Problem description. Could you output each line below exactly as it appears, excluding any pictures?

** Information supplied follows **

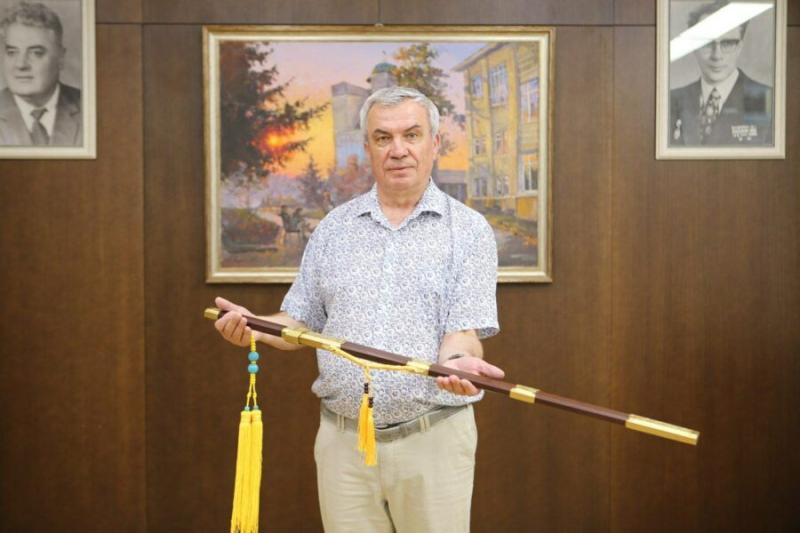 Ректору НГУ подарили китайский меч из Шаолиньского монастыря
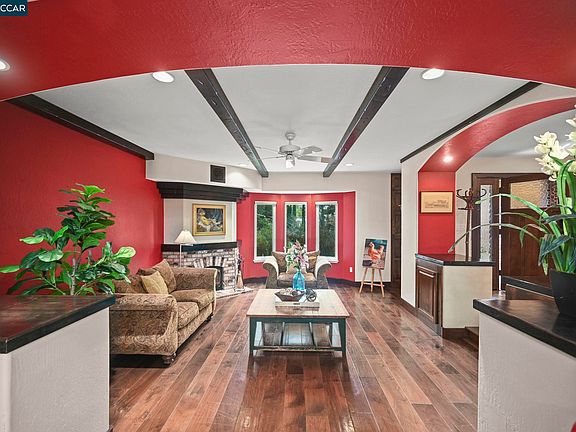 4th image of 321 Livorna Heights Rd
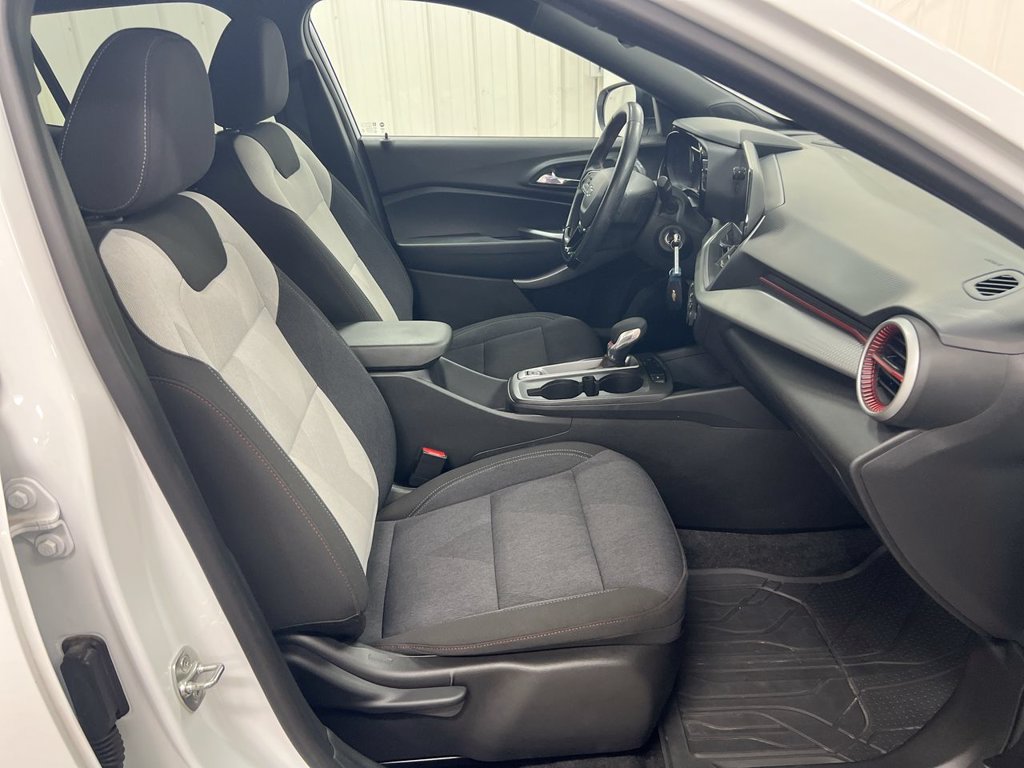 Used 2024 Chevrolet Trax RS w/ Driver Confidence Package FWD image 21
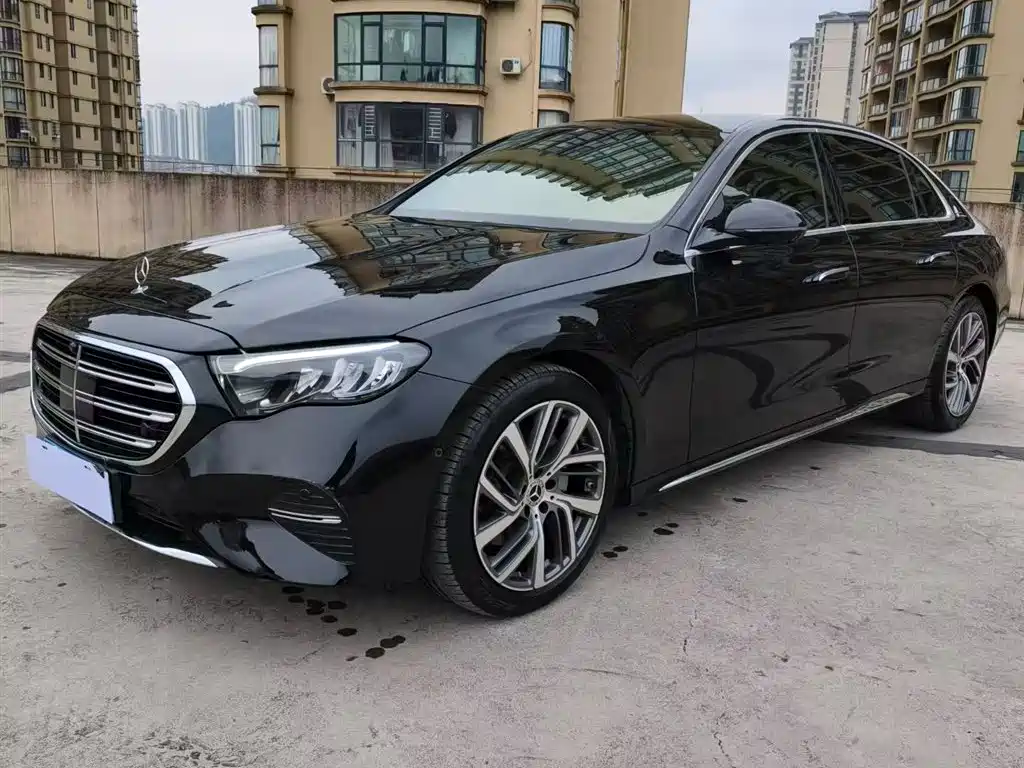 Mercedes-Benz E-Class 2024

** End of Information supplied **

Reply.
 Ректору НГУ подарили китайский меч из Шаолиньского монастыря
 4th image of 321 Livorna Heights Rd
 Used 2024 Chevrolet Trax RS w/ Driver Confidence Package FWD image 21
 Mercedes-Benz E-Class 2024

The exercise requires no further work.